Does the fasta that gets fed to IEDB contain frameshift sequences? What length of the downstream sequence did you chose? Is there maybe a sequence in there that is extremely long (thousands of amino acids)? If so, you can try decreasing the --downstream-sequence-length and see if that fixes things.

pVACseq creates intermediate fasta files for each chunk. You could try running the one that gets stuck through IEDB standalone and see if there maybe is an error message that pVACseq isn't catching. However, if after trying everything above, you still encounter this problem and IEDB simply stops processing, there isn't much that pVACseq can do there. You might need to put in a help desk ticket with IEDB to further assess this problem.
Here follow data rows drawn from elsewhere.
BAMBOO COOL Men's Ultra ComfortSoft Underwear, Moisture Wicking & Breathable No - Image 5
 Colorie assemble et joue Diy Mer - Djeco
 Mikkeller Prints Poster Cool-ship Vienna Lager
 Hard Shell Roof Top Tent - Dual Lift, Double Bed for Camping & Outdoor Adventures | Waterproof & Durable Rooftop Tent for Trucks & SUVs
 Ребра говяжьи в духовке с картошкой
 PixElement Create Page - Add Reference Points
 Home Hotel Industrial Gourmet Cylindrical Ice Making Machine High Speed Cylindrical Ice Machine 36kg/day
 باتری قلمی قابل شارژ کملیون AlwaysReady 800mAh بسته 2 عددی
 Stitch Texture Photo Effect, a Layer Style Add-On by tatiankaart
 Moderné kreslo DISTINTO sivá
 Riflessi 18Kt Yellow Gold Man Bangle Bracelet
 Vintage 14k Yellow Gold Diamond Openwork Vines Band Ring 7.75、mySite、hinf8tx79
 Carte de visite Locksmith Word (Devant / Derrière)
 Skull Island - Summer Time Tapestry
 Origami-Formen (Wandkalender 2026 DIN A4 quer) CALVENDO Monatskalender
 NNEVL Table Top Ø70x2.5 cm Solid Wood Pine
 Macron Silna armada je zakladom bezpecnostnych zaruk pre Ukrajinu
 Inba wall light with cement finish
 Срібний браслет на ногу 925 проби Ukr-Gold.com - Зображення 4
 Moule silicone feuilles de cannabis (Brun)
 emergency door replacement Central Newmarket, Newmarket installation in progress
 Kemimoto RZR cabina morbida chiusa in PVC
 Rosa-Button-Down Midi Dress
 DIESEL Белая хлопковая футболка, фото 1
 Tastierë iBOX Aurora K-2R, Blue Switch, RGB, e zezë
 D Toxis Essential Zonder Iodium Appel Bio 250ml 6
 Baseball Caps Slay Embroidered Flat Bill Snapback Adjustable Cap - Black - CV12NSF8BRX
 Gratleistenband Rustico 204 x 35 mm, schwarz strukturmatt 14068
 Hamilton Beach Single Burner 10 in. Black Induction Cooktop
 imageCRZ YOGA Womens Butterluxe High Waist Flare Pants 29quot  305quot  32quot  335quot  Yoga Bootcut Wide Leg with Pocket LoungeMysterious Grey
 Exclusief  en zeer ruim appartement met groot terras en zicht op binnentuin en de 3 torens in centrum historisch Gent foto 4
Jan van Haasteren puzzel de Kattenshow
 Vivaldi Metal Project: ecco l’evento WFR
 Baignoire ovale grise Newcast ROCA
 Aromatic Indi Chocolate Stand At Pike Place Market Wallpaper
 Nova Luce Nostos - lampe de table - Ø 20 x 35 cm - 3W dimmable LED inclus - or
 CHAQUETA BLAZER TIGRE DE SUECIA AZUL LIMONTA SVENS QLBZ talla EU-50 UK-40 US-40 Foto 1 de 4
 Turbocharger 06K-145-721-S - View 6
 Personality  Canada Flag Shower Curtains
I can imagine that for these consensus algorithms, a machine with more resources might be necessary but this is purely speculation on my part. I don't know enough about how these algorithms are run but the folks are IEDB might be able to help more.

ktroule commented 6 years ago

Thanks.

I've been trying with chunks of 6 I'll try to use IEDB with the latest chunk to see what a happens, I'll also to reduce the --downstream-sequence-length from the original 1000 to 100 to see what happens. Thanks

ktroule commented 6 years ago

I still have to test it in all samples, but it looks setting --downstream-sequence-length 100 such way works with no problem.

Thanks

susannasiebert commented 6 years ago

Glad that fixed it. Is it ok to resolve this issue?

ktroule commented 6 years ago

Sure. Thanks for your help, everything is working fine.